Le Clergé Quercinois ne vouloit pas de la nouvelle liturgie,
il a été vingt ans à disputer le terrein. Le Breviaire ne s’est répandu que de
proche en proche, encore même n’est-il pas généralement adopté, malgré
l’autorité du feu Evêque, & les intrigues de sa Cour. Le nouvel Evêque n’y
prend aucun intérêt ; on a gagné une douzaine de Chanoines, on fait réciter le
Breviaire au Seminaire, personne ne recevoit des Ordres, ni des Bénéfices, qu’il
ne s’enrolât dans la nouvelle liturgie. Les repas, les présens, les faveurs, le
bon accueil d’un côté, les réproches, les interdictions, les mauvais traitemens
de l’autre : le Breviaire décidoit de tout. La face de ce Diocèse faisoit rire
& gémir, dans la même Paroisse le Curé disoit un Breviaire, le Vicaire un
autre ; selon qu’ils officioient, ils suivoient des Rits différens. L’un au
Prône annonçoit des fêtes & des jeûnes que l’autre suprimoit ; car c’étoit
un des artifices. Le nouveau suprimoit des fêtes & des jeûnes, la Paroisse
qui l’adoptoit jouissoit de la dispense ; celle qui le refusoit étoit condamnée
en punition, à célébrer la fête, & à faire le jeûne. Le Missel & les
Livres de chant ne furent faits que dix ans après le Breviaire ; ainsi on disoit
la Messe Romaine, & l’Office cadurcien ; on chantoit tous
les Pseaumes à l’ancienne mode, & on psalmodioit les hymnes, les antiennes,
les répons. Les couleurs des ornemens étoient encore différentes : le Curé étoit
habillé de rouge, le Diacre de verd, à la nouvelle mode. Les calendriers ne
different pas moins ; ici un Saint, ailleurs un autre, le Diocèse étoit un Echiquier où chaque Paroisse faisoit sa case
différente. l’habit d’arlequin n’est pas plus bisarrement découpé : telle est
l’Eglise de France, les Diocèses sont entr’eux comme les Paroisses du Querci.

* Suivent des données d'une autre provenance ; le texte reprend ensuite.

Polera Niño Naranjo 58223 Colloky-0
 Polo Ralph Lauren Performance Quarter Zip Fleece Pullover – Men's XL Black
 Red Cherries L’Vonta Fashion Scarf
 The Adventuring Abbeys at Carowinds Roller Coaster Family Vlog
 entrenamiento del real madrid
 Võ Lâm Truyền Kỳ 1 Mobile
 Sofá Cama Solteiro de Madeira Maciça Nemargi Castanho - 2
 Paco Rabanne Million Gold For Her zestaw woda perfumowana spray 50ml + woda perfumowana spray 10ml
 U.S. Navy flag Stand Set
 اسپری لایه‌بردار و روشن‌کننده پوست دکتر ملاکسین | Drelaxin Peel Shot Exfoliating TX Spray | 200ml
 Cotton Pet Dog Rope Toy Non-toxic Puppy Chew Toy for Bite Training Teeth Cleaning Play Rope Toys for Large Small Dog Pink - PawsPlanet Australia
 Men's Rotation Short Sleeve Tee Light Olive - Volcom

Ces comédies Ecclésiastiques ont ouvert dans le
Querci, la porte au théatre ; il y avoit toujours été inconnu : mais enfin la
ville de Cahors s’est mise sur le bon ton. Ce fruit exquis a commencé d’éclore
dans un terroir peu fait pour le porter, il touche à sa maturité. Ce fut d’abord
un théatre de société, sous le nom très modeste & très-juste, de comédie bourgeoise. Puisque les Grands, malgré leurs vices
& leurs ridicules, ne sont pas l’objet de la comédie : elle étoit
très-bourgeoisement réprésentée, quoique plusieurs personnes distinguées, de la
Ville, y jouassent des rôles, & fournissent à la dépense, & que l’on y
fût reçu gratis. Conduite plus noble que celle des gentilhommes de l’hôtel de la
comédie de Paris, qui très-roturiérement ont toujours fait payer à l’entrée :
depuis une troupe de comédiens a pris la place de la société, & la
générosité, la noblesse ont cédé la place à la roture.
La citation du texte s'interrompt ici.